I cycle into Manchester and so will get all the benefits (quieter, safer, cleaner roads) at very little extra cost. At the most I will have to  re-think those few peak time trips that I do make.  I guess that means I’m bound to vote yes.  But it would be nice if I had some less selfish reasons for my decision.

A friend of mine,Matt Wilson,  recently blogged a dilemma he was in: on the one hand he dislikes traffic jams, on the other he think the congestion charge is unjust:

I consider the T.I.F. proposals to be fundamentally unjust at the core. No investment in roads, but all the cash drivers pay goes to subsidise other people’s travel (I generalise), that’s just wrong.

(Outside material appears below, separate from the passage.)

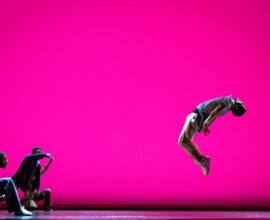 Dancers perform on a stage with a bright pink background. One dancer on the right side is in midair, while several are in the left corner watching.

That’s a strong charge, and should make anyone looking for ‘objective’ reasons to vote sit up and take notice. (By objective reasons, I just mean reasons that aren’t based on purely personal impact.) I wouldn’t want to have voted for an unjust act just because it benefits me.

Is it a fair charge against the charge? On the face of it it seems persuasive (especially if you are a driver, I guess). But we might notice that taxing one group of people for the benefit of another group is common practice in a society like ours. Redistributive tax (income/ inheritance etc) does just that. We take money from those who have a lot to support those who have very little.

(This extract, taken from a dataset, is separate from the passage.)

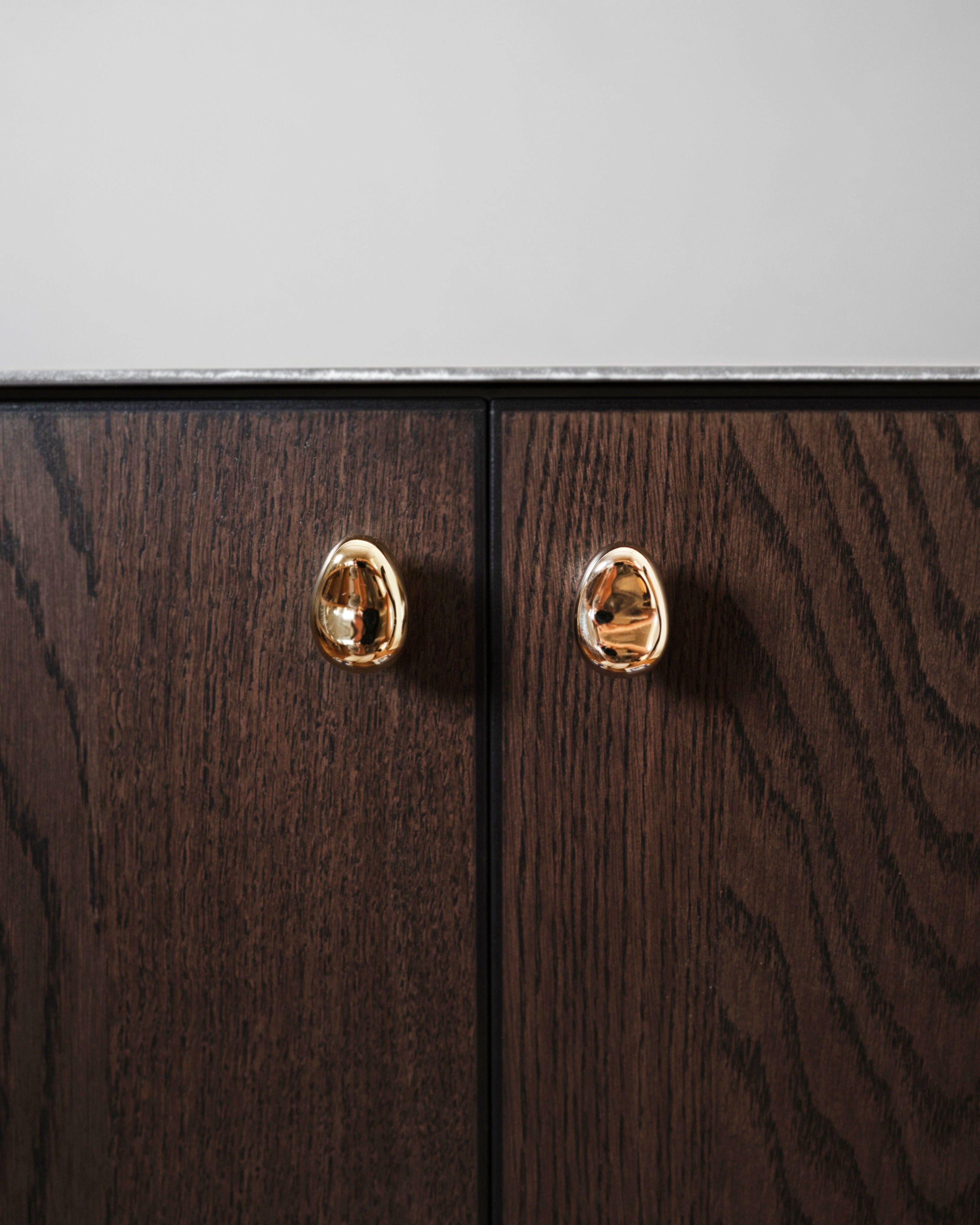 Rud Knob - Brass — close-up of brass knob on dark wood cabinet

Now there are clear differences,  I’m not suggesting it is like for like, but it is sometimes claimed that in cases of redistributive tax, those charged a lot do benefit by being part of a more stable and equal society etc. Here there is a parallel: it is reasonable to think that everyone will benefit from having better public transport and quieter roads.

Still, I don’t think that is enough to mitigate Matt’s charge of injustice. If we all benefit, why don’t we all pay?

Here is a better response: justice takes a wider scope than any one transaction. Justice must be more than about who pays for what and who gets what. Charging drivers isn’t just about paying for better transport for other people, it is about changing the status quo. It is about looking at Manchester and the world and thinking that something has to change.

We put in place clean air acts and carbon charges because we think it is no longer ok for things to carry on as they are. So if we think it is no longer OK to carry on with such a high dependence on petrol and personalised motorised transport, perhaps we should be willing to put some serious measures in place to try and achieve change.

This is still a long way short of conclusive, but it perhaps takes some of the punch of Matt’s argument from injustice.